▸ **Task prompt**: Please print nothing but the lines from the one containing "Photo of property" to the final line below, exactly, and no pictures.

▸ **Material shown**:
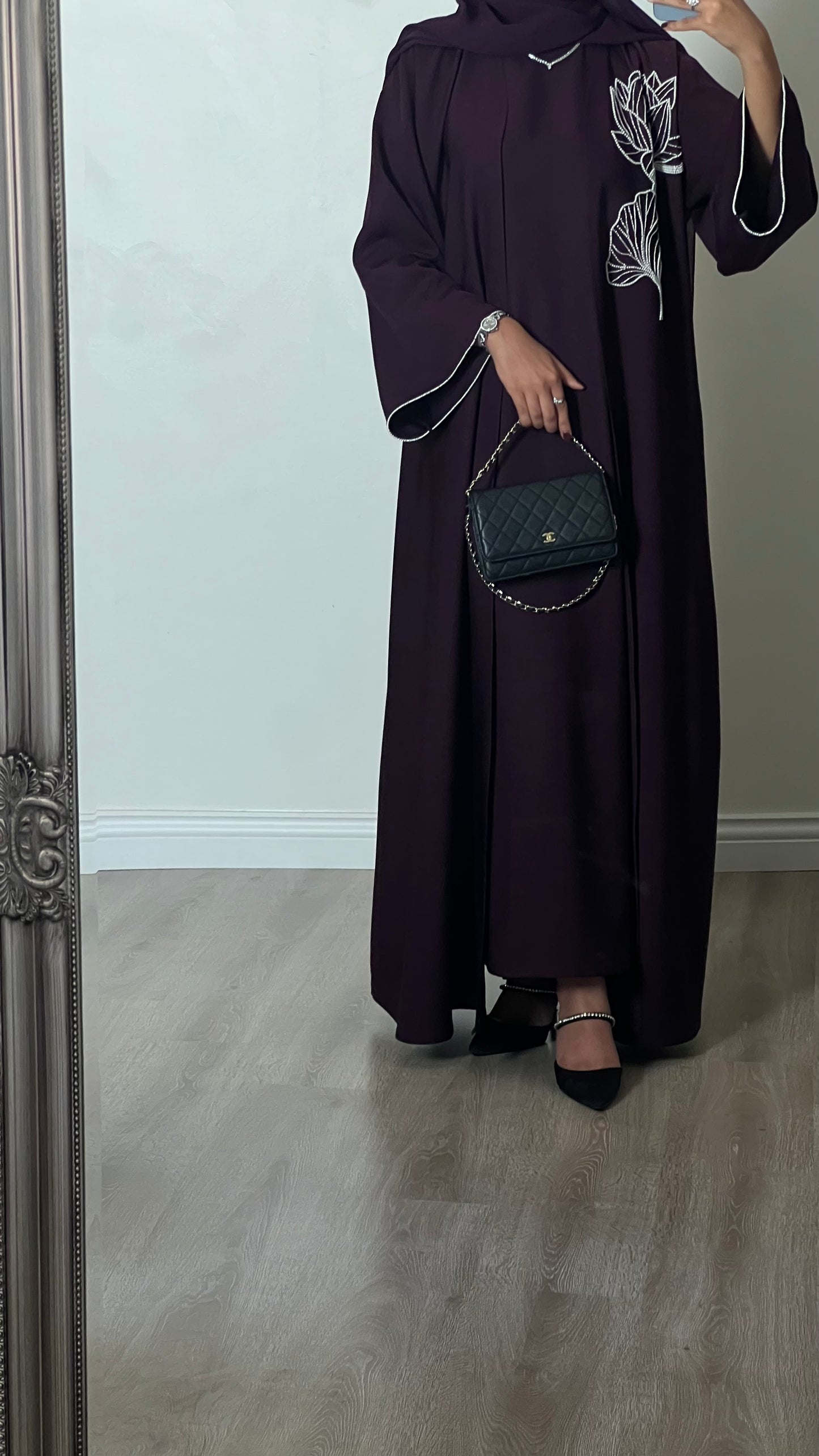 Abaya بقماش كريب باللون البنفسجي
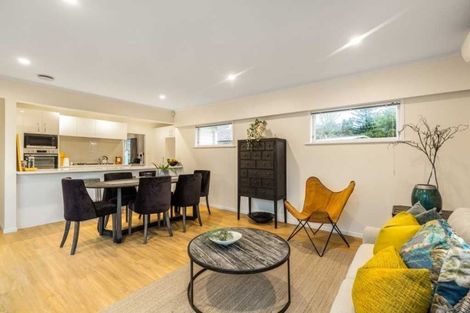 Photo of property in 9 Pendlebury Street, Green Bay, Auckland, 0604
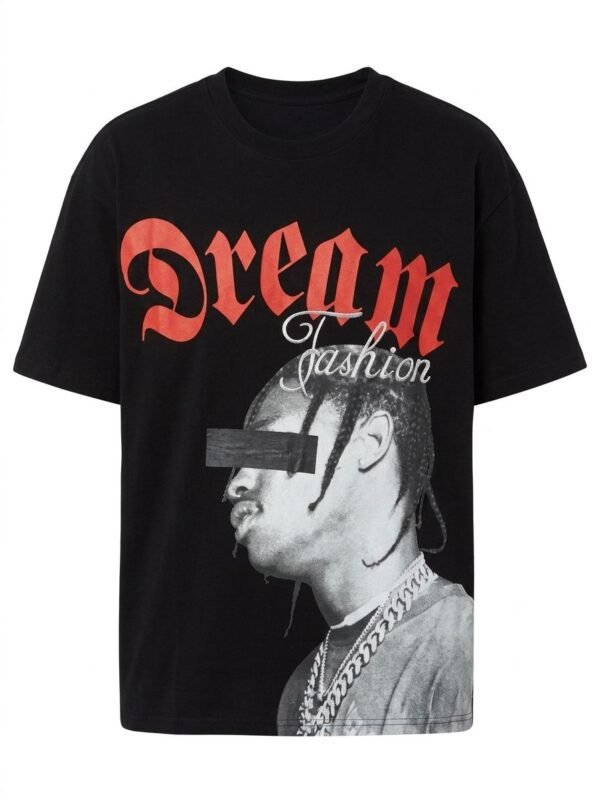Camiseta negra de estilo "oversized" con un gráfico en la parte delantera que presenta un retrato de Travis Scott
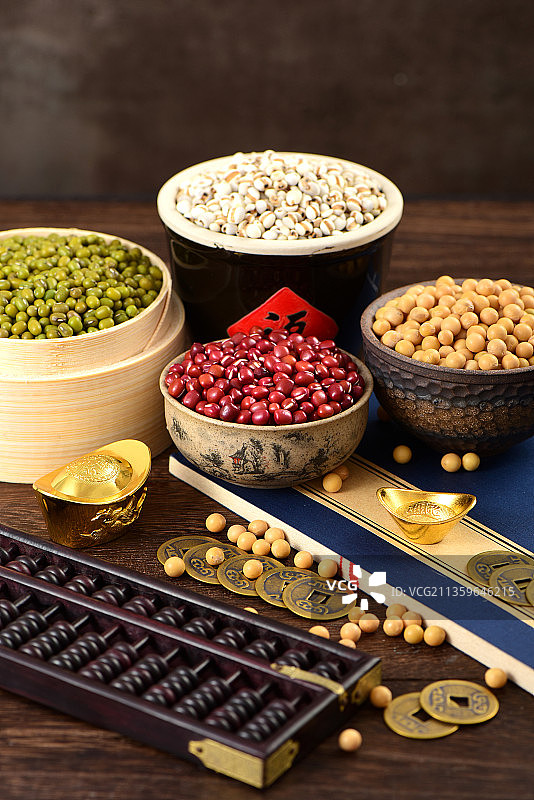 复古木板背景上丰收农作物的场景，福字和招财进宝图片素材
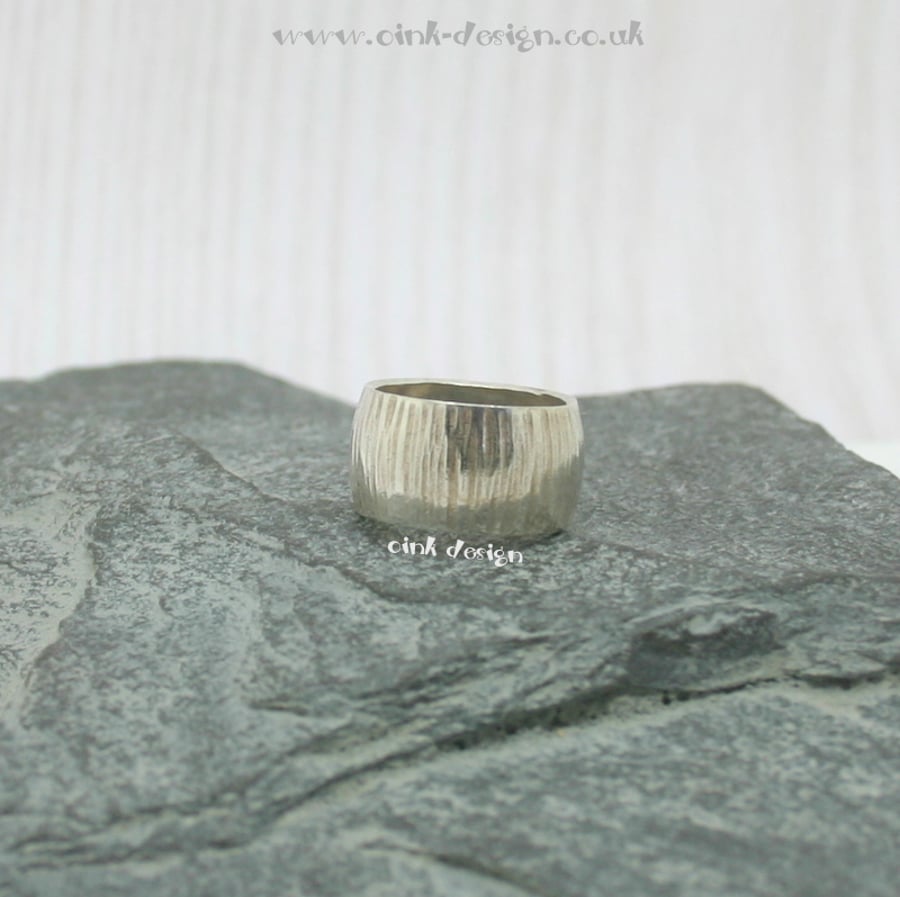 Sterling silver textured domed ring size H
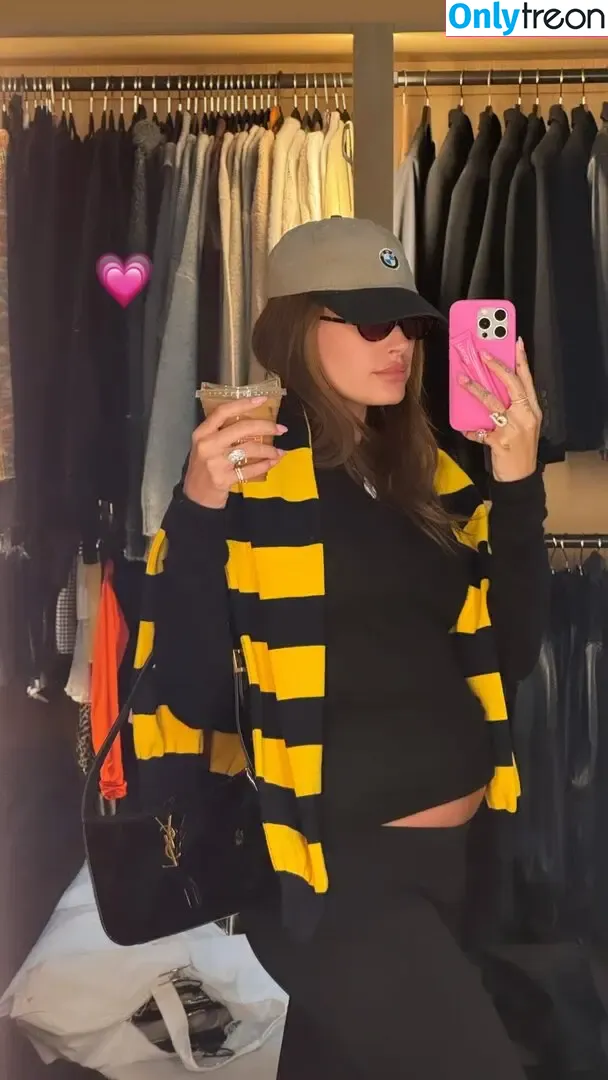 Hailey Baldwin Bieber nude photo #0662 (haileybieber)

▸ **Written solution**:
 Photo of property in 9 Pendlebury Street, Green Bay, Auckland, 0604
Camiseta negra de estilo "oversized" con un gráfico en la parte delantera que presenta un retrato de Travis Scott
 复古木板背景上丰收农作物的场景，福字和招财进宝图片素材
 Sterling silver textured domed ring size H
 Hailey Baldwin Bieber nude photo #0662 (haileybieber)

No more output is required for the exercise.